Diese Ergebnisse entsprächen früheren Laborversuchen, erklärt Studienleiter Gerhard Rogler. Darin hatte man den Kot fettleibiger Mäuse in den Darm normalgewichtiger Artgenossen transplantiert und anschließend beobachtet, dass neben dem Gewicht der behandelten Tiere auch deren Proteobacteria- und Bacteroidetes-Stämme zunahmen. Es spricht also vieles dafür, dass diese Darmflora-Truppen die Nahrung effizienter zersetzen und dadurch dem menschlichen Körper mehr Energie zuführen. Nimmt ihre Zahl nach einem Rauchstopp zu, bleiben mehr Kalorien übrig. Diese werden in den Fettdepots geparkt.

Nikotin kann Stimmung Depressiver aufhellen

Bleibt die Frage, ob man dieses neue Darmmilieu nicht wieder so verändern kann, dass es weniger dick macht. Beispielsweise durch den Verzehr probiotischer Joghurts. Oder auch durch das Kot- oder Fäkaltransplantat eines schlanken Menschen.

Die Probiotik-Variante hält Experte Gerhard Rogler für chancenlos, die üblichen Joghurtkulturen könnten nicht gezielt die Dickmacher im Darm ausschalten. Für die Stuhlverpflanzung sei das zwar „prinzipiell vorstellbar“, doch noch wisse man zu wenig über diese Methode.

Rogler rät daher zu einem Klassiker der Gewichtskontrolle: „Am besten hilft immer noch, die Zeit, die man sonst ins Rauchen investiert hat, mit Bewegung zu verbringen.“ Drei Stunden Sport pro Woche seien doch allemal besser, als sich den Kot eines anderen Menschen implantieren zu lassen.

Oder man hofft einfach auf die Statistik. Französische Suchtmediziner ermittelten nämlich, dass über 20 Prozent der Ex-Raucher im ersten Monat ihrer Abstinenz nicht etwa zu-, sondern sogar abnehmen. Nach einem Jahr sind es immerhin noch 13 Prozent.

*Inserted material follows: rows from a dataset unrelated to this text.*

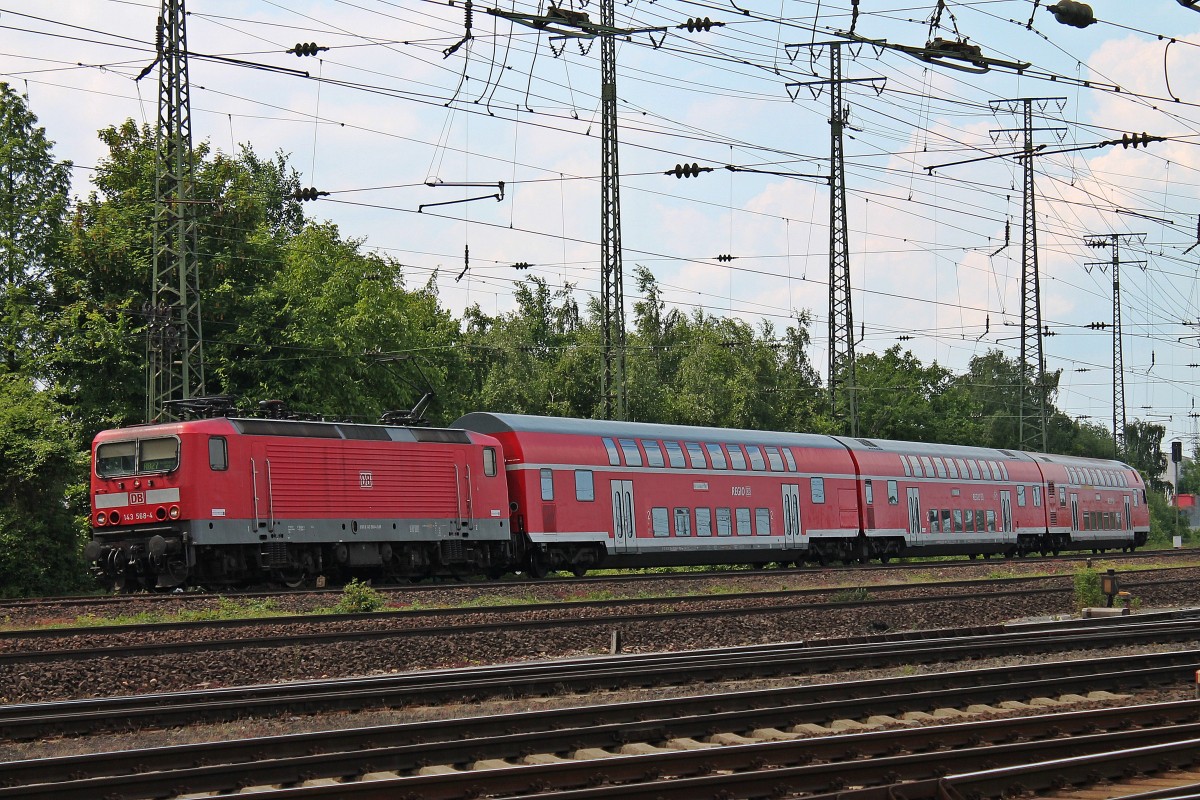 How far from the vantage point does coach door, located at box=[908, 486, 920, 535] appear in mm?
42344

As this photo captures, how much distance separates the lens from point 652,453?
33688 millimetres

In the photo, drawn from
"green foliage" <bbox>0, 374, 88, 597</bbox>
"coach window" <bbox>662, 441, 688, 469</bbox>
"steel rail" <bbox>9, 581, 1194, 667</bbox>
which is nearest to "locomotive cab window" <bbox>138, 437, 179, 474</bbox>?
"green foliage" <bbox>0, 374, 88, 597</bbox>

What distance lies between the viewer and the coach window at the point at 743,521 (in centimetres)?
3584

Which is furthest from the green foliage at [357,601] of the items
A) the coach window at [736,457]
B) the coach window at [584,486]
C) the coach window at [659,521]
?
the coach window at [736,457]

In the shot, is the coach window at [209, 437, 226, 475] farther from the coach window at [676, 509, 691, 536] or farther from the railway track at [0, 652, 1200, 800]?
the railway track at [0, 652, 1200, 800]

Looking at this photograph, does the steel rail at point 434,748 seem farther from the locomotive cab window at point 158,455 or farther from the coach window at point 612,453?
the coach window at point 612,453

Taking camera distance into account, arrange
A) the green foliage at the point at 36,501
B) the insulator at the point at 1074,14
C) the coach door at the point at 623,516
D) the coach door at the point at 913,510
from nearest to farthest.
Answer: the insulator at the point at 1074,14 < the green foliage at the point at 36,501 < the coach door at the point at 623,516 < the coach door at the point at 913,510

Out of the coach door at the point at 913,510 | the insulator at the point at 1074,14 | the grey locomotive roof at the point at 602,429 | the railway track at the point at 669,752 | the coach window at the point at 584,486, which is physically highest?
the insulator at the point at 1074,14

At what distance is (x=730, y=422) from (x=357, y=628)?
52.3 metres

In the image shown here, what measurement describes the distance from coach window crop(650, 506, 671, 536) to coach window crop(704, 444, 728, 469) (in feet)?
8.00

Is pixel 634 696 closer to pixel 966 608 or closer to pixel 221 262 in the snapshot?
pixel 966 608

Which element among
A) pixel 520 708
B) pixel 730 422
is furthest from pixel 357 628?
pixel 730 422

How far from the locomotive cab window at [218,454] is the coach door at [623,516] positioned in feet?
35.6

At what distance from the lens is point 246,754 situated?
10.6 metres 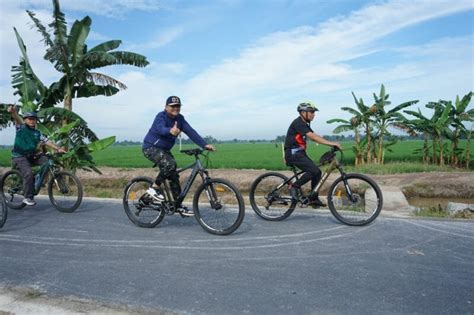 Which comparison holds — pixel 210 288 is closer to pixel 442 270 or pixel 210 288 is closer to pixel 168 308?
pixel 168 308

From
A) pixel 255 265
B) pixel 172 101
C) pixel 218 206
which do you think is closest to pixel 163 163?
pixel 172 101

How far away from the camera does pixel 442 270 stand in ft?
12.4

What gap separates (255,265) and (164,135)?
2.49 metres

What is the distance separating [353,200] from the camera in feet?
18.8

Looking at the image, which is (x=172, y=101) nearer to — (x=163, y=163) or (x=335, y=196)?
(x=163, y=163)

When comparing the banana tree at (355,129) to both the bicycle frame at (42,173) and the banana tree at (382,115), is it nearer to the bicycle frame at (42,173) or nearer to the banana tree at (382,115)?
the banana tree at (382,115)

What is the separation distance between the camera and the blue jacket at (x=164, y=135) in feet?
18.3

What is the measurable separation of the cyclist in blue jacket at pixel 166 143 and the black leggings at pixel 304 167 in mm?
1578

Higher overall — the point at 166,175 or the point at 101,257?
the point at 166,175

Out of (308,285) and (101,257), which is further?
(101,257)

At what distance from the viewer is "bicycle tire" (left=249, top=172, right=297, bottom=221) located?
20.2 ft

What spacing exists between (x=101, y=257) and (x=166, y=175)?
173 centimetres

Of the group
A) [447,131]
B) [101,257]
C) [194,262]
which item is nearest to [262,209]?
[194,262]

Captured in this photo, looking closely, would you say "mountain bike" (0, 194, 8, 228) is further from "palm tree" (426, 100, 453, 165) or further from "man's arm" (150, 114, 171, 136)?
"palm tree" (426, 100, 453, 165) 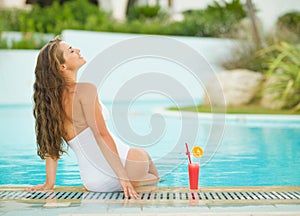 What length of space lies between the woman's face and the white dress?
0.33m

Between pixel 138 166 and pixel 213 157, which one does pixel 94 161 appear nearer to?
pixel 138 166

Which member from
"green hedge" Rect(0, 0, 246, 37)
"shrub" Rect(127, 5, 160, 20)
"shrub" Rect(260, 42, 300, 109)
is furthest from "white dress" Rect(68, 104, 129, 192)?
"shrub" Rect(127, 5, 160, 20)

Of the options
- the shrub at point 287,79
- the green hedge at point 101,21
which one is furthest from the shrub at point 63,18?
the shrub at point 287,79

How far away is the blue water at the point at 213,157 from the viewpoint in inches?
212

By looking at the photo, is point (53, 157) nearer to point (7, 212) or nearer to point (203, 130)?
point (7, 212)

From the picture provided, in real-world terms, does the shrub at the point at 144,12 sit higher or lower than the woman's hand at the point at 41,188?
lower

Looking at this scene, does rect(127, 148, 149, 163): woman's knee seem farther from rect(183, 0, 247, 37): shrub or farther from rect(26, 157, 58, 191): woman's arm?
rect(183, 0, 247, 37): shrub

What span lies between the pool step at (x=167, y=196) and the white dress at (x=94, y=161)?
7cm

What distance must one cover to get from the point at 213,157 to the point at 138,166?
2.91 meters

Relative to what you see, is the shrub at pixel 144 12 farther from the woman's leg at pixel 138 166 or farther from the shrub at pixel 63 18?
the woman's leg at pixel 138 166

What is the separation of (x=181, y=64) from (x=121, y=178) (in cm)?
1471

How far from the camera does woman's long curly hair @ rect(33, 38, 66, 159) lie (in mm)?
4035

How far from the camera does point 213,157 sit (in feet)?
22.7

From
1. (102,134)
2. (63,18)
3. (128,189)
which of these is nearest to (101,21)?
(63,18) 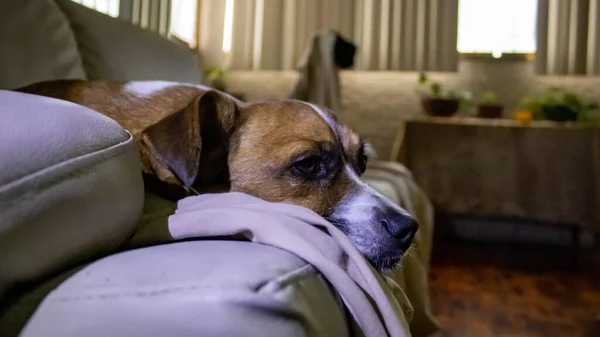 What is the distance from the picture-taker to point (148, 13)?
3.32m

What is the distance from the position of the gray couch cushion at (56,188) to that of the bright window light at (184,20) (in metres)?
3.51

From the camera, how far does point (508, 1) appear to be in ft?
13.0

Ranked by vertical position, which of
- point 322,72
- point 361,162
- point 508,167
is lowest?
point 508,167

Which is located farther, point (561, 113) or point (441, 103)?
point (441, 103)

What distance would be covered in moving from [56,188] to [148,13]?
10.1 feet

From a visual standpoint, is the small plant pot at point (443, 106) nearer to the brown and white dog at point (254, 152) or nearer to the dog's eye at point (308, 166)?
the brown and white dog at point (254, 152)

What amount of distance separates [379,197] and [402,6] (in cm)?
321

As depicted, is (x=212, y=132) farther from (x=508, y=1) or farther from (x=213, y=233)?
(x=508, y=1)

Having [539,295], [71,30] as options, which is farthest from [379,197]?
[539,295]

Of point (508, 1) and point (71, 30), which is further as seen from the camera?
point (508, 1)

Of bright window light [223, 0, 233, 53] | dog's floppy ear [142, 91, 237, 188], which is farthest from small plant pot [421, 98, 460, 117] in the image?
dog's floppy ear [142, 91, 237, 188]

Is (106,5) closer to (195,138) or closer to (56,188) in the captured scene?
(195,138)

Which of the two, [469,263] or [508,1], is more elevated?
[508,1]

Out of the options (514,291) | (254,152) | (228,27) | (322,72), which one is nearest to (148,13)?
(228,27)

Eine mögliche Erklärung: Aus der Hirnforschung weiß man, dass Nikotin in den Botenstoffwechsel eingreift und dadurch die Stimmung depressiv veranlagter Menschen aufhellen kann. Nicht umsonst ist die Quote der Depressiven unter Rauchern überdurchschnittlich hoch. Hören sie mit dem Tabakkonsum auf, kehren auch die depressiven Symptome zurück – und dazu gehört auch der Appetitverlust.

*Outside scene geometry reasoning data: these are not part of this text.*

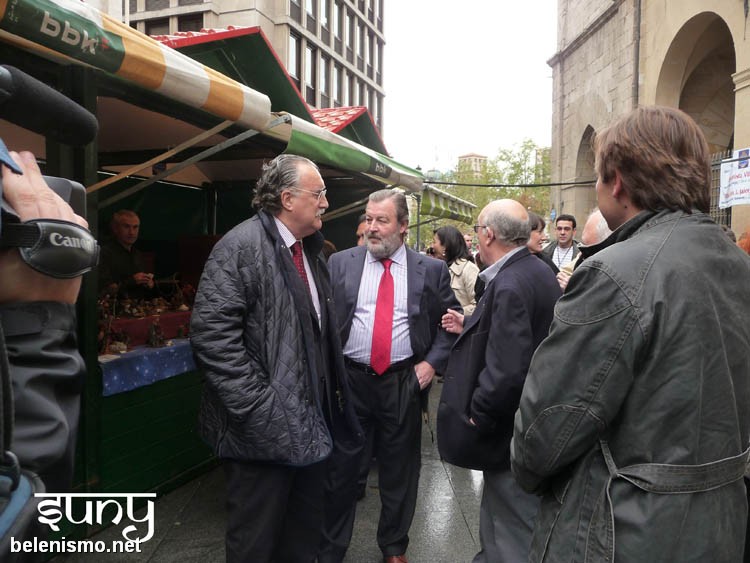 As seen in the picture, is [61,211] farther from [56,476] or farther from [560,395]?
[560,395]

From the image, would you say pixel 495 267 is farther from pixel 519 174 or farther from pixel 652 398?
pixel 519 174

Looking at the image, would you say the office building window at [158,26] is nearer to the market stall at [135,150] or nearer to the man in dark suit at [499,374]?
the market stall at [135,150]

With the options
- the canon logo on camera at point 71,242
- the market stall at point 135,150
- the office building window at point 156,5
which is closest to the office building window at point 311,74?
the office building window at point 156,5

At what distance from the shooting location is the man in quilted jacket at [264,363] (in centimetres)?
247

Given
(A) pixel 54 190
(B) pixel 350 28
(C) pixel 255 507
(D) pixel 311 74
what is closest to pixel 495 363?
(C) pixel 255 507

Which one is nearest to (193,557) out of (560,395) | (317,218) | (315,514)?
(315,514)

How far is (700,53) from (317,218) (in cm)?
1171

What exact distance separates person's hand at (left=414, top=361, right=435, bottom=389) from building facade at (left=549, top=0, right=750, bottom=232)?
24.4 ft

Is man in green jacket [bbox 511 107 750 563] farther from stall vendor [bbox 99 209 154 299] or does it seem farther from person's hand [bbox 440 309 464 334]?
stall vendor [bbox 99 209 154 299]

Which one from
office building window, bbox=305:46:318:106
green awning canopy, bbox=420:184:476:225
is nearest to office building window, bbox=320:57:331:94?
office building window, bbox=305:46:318:106

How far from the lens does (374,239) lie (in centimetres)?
359

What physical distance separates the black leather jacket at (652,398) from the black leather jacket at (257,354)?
1.27 m

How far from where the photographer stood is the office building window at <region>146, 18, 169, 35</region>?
→ 2922cm

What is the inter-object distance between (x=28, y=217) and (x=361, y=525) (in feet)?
11.6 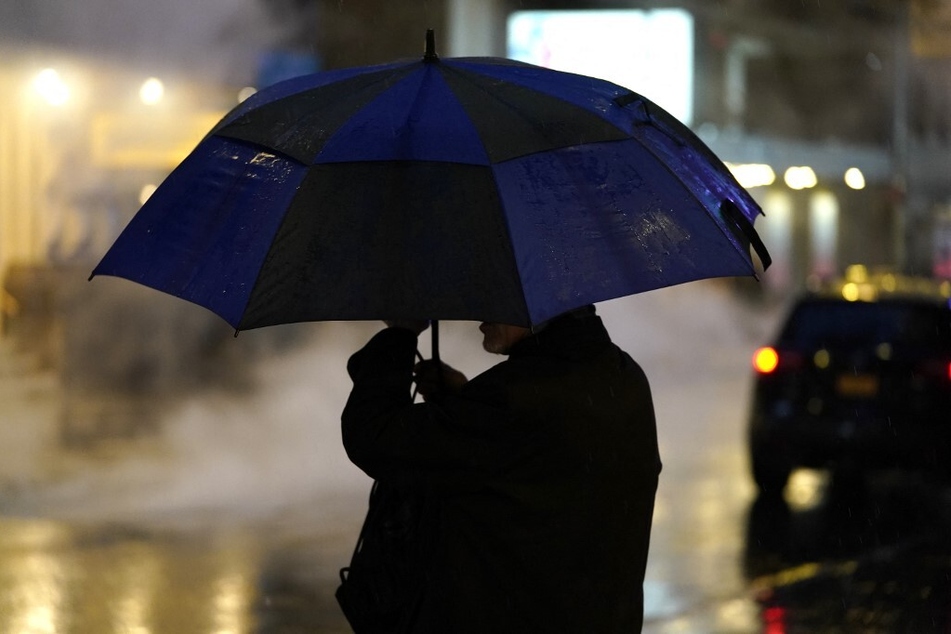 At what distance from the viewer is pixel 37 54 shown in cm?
905

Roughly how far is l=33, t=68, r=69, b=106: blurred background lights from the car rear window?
5.18 meters

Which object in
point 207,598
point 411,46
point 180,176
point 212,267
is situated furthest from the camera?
point 411,46

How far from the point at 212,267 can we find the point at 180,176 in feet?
0.97

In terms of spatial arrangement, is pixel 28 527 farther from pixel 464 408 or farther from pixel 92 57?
pixel 464 408

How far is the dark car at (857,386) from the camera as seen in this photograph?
8.41 meters

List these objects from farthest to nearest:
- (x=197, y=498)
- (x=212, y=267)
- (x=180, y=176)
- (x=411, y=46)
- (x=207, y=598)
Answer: (x=411, y=46), (x=197, y=498), (x=207, y=598), (x=180, y=176), (x=212, y=267)

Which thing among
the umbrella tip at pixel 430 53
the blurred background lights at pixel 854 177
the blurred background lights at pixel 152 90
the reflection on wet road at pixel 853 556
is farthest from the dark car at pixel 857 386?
the blurred background lights at pixel 854 177

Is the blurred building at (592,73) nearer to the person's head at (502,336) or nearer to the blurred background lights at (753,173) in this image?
the blurred background lights at (753,173)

Ein frischgebackener Ex-Raucher kann also von tiefer Traurigkeit befallen sein, dafür aber – aufgrund seines fehlenden Appetits – wenigstens vom Übergewicht verschont bleiben. Sozusagen ein Jammertal mit der Schlankheit als kleinem Hoffnungsschimmer. Es ist eben niemals einfach, ein Raucher zu sein.